I know WD has been clamping down on shucking capabilities lately, by requiring the drives to use their proprietary USB interface - more so on the MyBooks, but I don’t know bout the Elements series.
Is this worth getting to shuck? And what model drive is usually inside?
Thanks!
-– DS
What you know is completely false. There is no known 3.5" external that isn’t a completely “normal” 3.5" internal drive inside. Yes, I’m aware of multiple times when some (usually Mac) users came with the idea that they need WD software to format their drives but that is only because they just can’t find the buttons to partition/format a drive.
I don’t know if they still do this, but MyBook* used to use encryption on their interface, preventing use of the drives outside the enclosure. Not an issue if you’re planning to format the drive outside the enclosure.
*AFAIK, this is still true for 2.5" portables, which also have the USB interface integrated into the mainboard.
That didn’t prevent you from USING the disk, but it would just prevent you from using the encrypted data via the enclosure - without the enclosure. The disks themselves were perfectly normal, even regularly branded (green or even red) at the time.
Yes, Thank you!
I’ve edited my post to reflect that as I wasn’t clear on that point!
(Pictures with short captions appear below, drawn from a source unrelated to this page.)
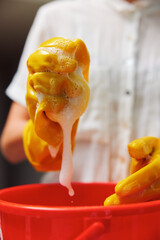 Woman in yellow rubber gloves cleaning a bucket with soap and sponge in front of another woman in white shirt
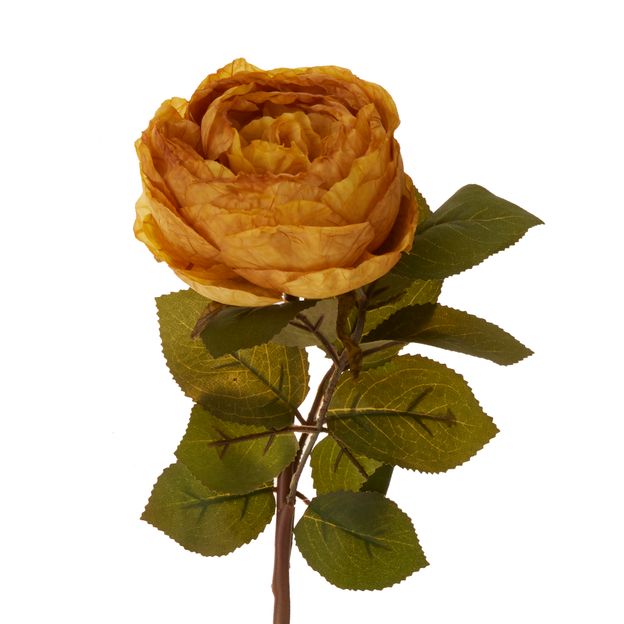 FLOR OLIVIER ROSA OUTONAL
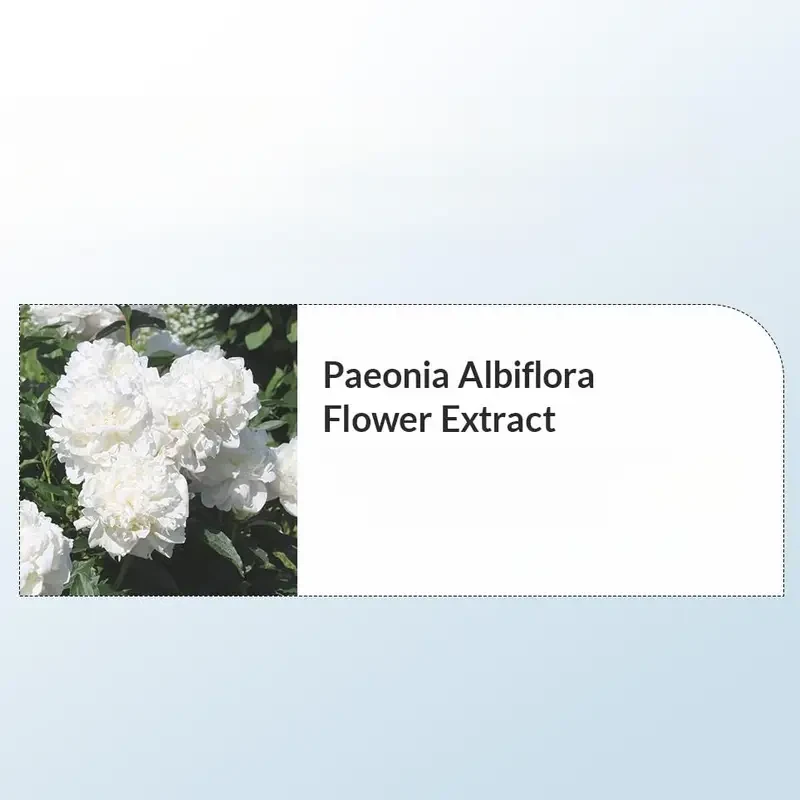 Dr. Althea 147 Hydrating Facial Cream with Hyaluronic Acid & Ceramide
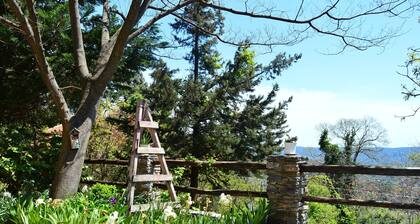 Grove Cottage Pelion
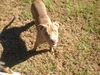 Gladys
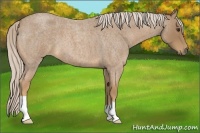 Horse Color:Palomino Roan 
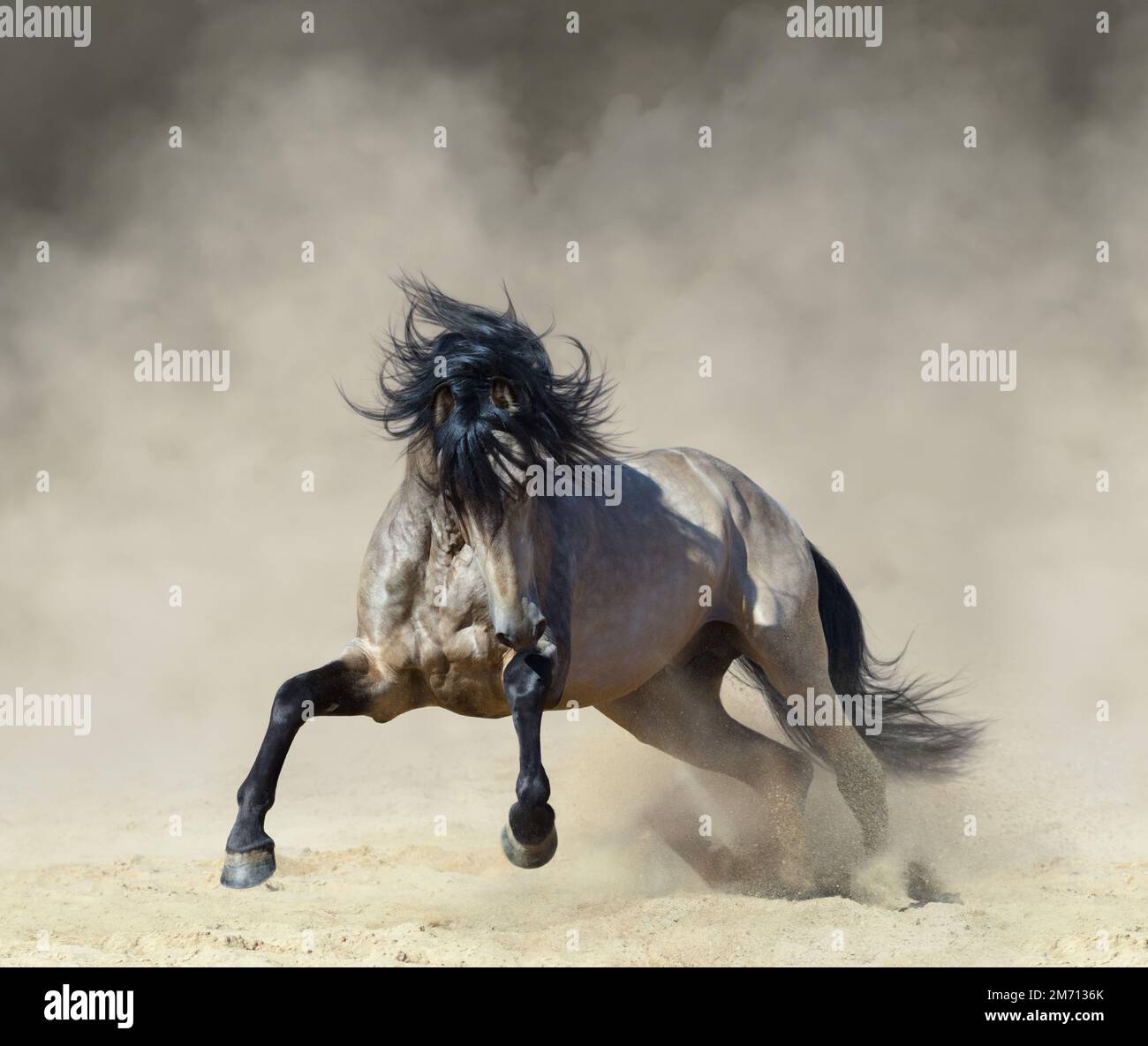Cavallo andaluso pureed che gioca sulla sabbia in paddock in polvere. Foto Stock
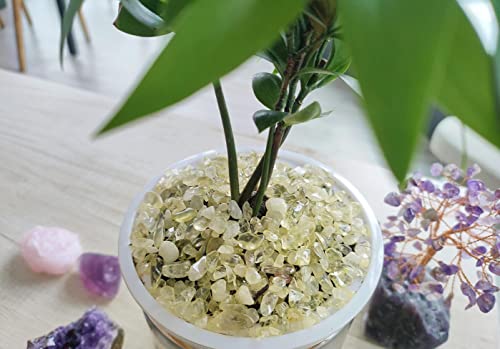 ZHIYUXI Citrine Crystal Chips Fish Tank Gravel Vase Filler Stones Bulk Crushed Crystals Gemstone Polished Natural Quartz Stone Healing Crystals Glass Stones Fish Rocks - color: H# Citrine, size: 0.22lbs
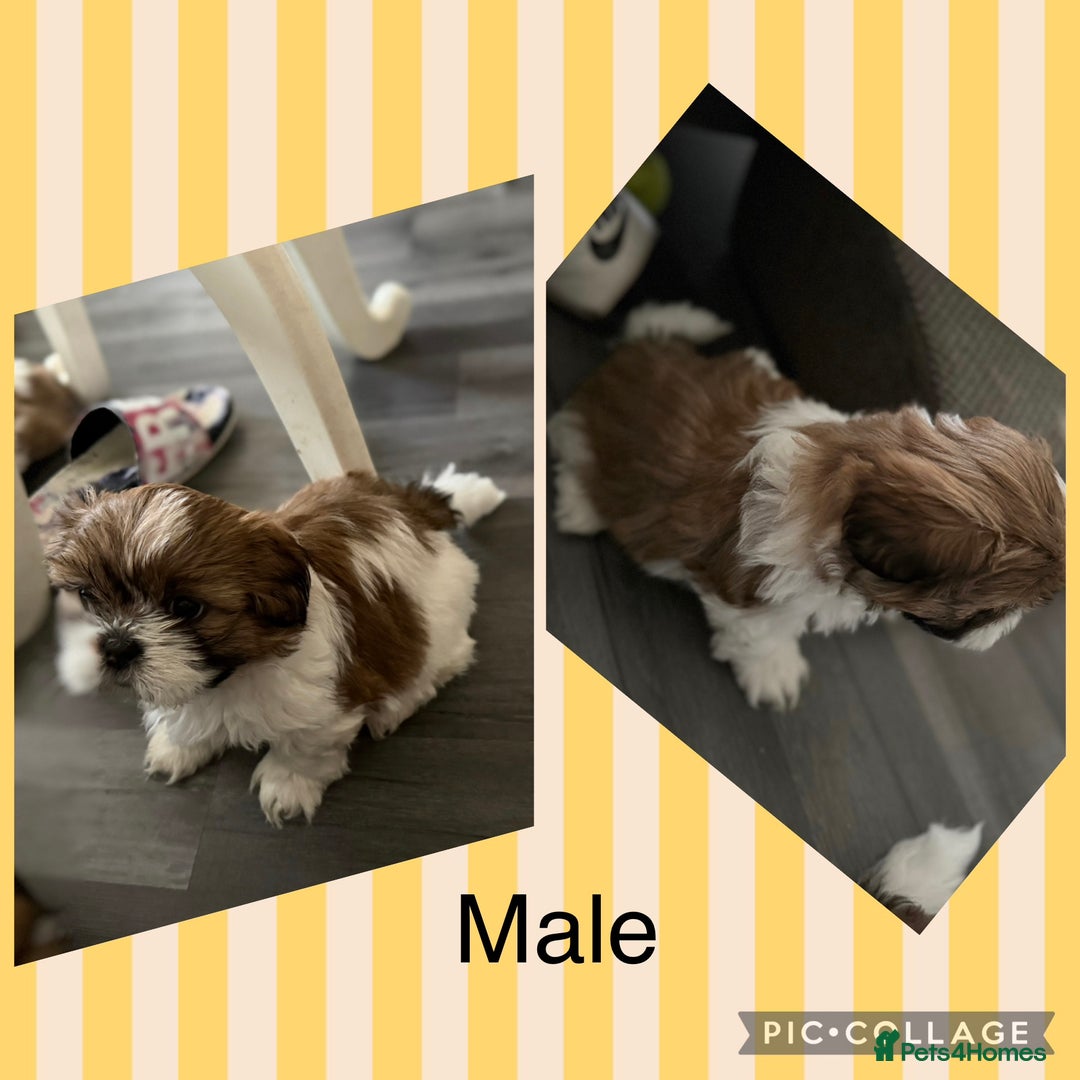 Shih Tzu dogs for sale: 3 males and 1 shiz tzu puppies for sale  - Image 6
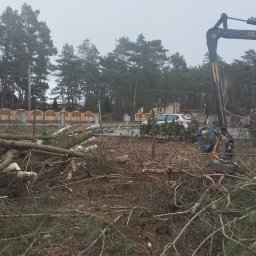 Wycinka drzew Brzeźnio 1
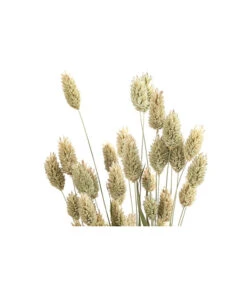 Trockenblumenbund Glanzgras, Natur -Elho Verkäufe 6491690 PR DE 001 GlanzgrasnaturBund DehnerExpressHerzig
Op is referring to boards with usb headers, rather than sata, I think.
This is part of my point, there were never such 3.5" drives.
I may be misremembering and confusing it for a 2.5, but I really really feel like I’ve gotten one before.
AFAIK, with the exception of WD and Toshiba 2.5" portables which have the USB interface integrated in the mainboard, there is no 2.5" or 3.5" drive in any external that is proprietary or locked in any way to prevent it from being used as an internal once formatted.
This is especially true for Mac users. You don’t need to buy pre-formatted Mac externals. You can always format any external to whatever file system you choose.
Completely False? No known 3.5 external that isn’t normal inside?
You sure about that?
What about these drives that have a USB interface instead of SATA.
And what’s the SPECIFIC example you want to mention, can you find even a single one or are you just trolling for clicks?
There’s some that need a SATA pin bypassed to be used internally. It’s not too much of a pain but it is something.
No, it is less than nothing, it is a FEATURE of internal drives, that can be used ONLY internally, if the drive has the feature it can do MORE internally. Now of course if one has a power supply that isn’t wired accordingly to SAT3.3 (2016) standard this “more” thing is telling the drive (again, in a standard way, it’ll happen the same if one buys just any internal with this feature) to turn off.